|Thursday, January 13, 2011
We split into two groups for our 1 ½ hour walk through the Amazon jungle. Any was our guide along with his assistant.
Any stopped frequently along the path, that was not paved or marked clearly, so you knew that you were walking in a jungle. We had to step carefully over roots, duck under low-hanging branches and try to not touch any vegetation which could be irritating or have sharp thorns. Any said that if we fall, just drop and not try to brace ourselves of grab onto any support. Some used walking sticks which are a great aid over uneven footing.
Any pointed out the Cocobola tree, whose trunk seemed rather thin, but supported leaves that are the largest in the plant kingdom. When someone coughed, Any had a remedy from the Copaiba tree. Three drops taken internally will soothe a sore throat; ten drops for a blocked stomach. Applying the oil externally produces a wonderful massage. The oil is extracting by drilling a hole in the tree trunk.

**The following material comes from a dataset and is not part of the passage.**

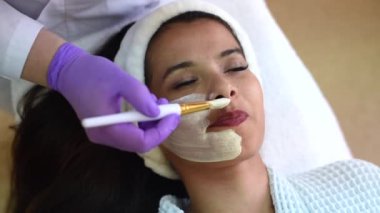 Mükemmel bir güzellik uzmanı, yaşlanma önleyici beyaz bir maskeyi yüzüne bir fırçayla sürer.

The nuts from the Cumaru tree are being used for headache, massage, curing cancer and possibly AIDS. Another nut with beneficial medicinal properties comes from the Anderobu that needs to be boiled and sun dried for about 3 - 4 days.
Any’s assistant dug out a soil sample for us to see the layers. The top layer is very shallow with sand underneath. If all the moisture were removed from the jungle, it would be a desert. As we walked the assistant
wove designs from the palm leaves. Someone got a scorpion, another a graceful bird, and almost all of the women got head bands that made us look like jungle princesses.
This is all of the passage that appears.